先行きは改善の見通し

 財務省松江財務事務所が13日公表した今年4~6月期の県内の法人企業景気予測調査によると、企業の景況感を示す景況判断指数(BSI)は、全産業でマイナス1と前期(1~3月)に続いて2期連続マイナスとなった。しかしマイナス幅は前期のマイナス9・2から大幅に縮小、先行きはプラスを見込むなど「緩やかな回復が続いている」(同事務所)としている。
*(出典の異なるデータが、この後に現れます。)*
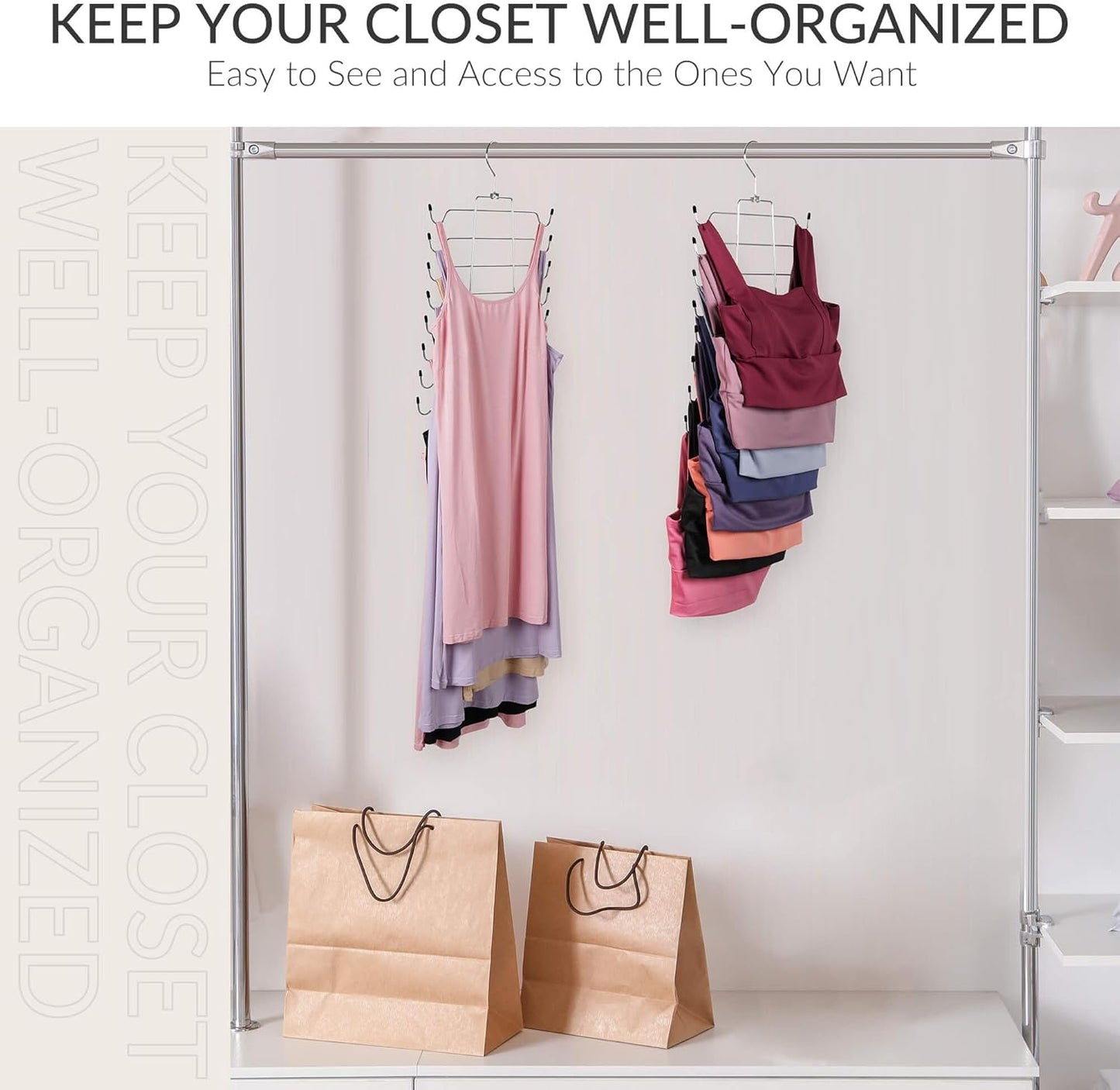 ZEDODIER 3 Pack Tank Top Hanger, Space Saving Bra Hangers, Non-Slip Hanging Sport Bras Holder, Closet Organizers and Storage for Camisoles Tank Tops Bras Ties Swimsuits Strappy Dress, Silver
 業種別では、製造業のBSIがマイナス24・3と前期マイナス22・2と比べてマイナス幅が拡大したのに対し、非製造業は前期のマイナス1・6からプラス12・3へ大幅に改善した。
 製造業のマイナス幅が大きくなったのは、情報通信機械で材料価格高騰に加え、操業度が落ち込んだほか、住宅販売が不振で木材・木製品が値下げを求められるなどしたため。これに対し、大幅に上向いた非製造業は、円安によるインバウンド(外国人観光客)増加でサービス業などが好調なのが主因。
 今年7~9月期のBSI見通しは、全産業でプラス11・8と4~6月期に比べて10以上改善。製造業を中心に先行きの回復を見込む企業が多い。
 ただ、今回の調査は、最近明らかになった自動車メーカー(二輪車を含む)大手5社による認証不正の影響は織り込まれていない。これについて同事務所は「生産や出荷の停止の影響がどうなるか、現時点ではまったく読めない。ただ、ダイハツ工業の不正認証問題ほど影響は大きくないのでは」とみている。物価高による消費節約や中国など海外経済の動向に注視していくという。
 調査は、県内の資本金1000万円以上の企業103社を対象に今年5月実施、うち99%に当たる102社から回答を得た。
 景況判断BSIは、前期と比べ景気が「上昇した」と回答した企業割合から「下降した」と答えた企業割合を差し引いた数値。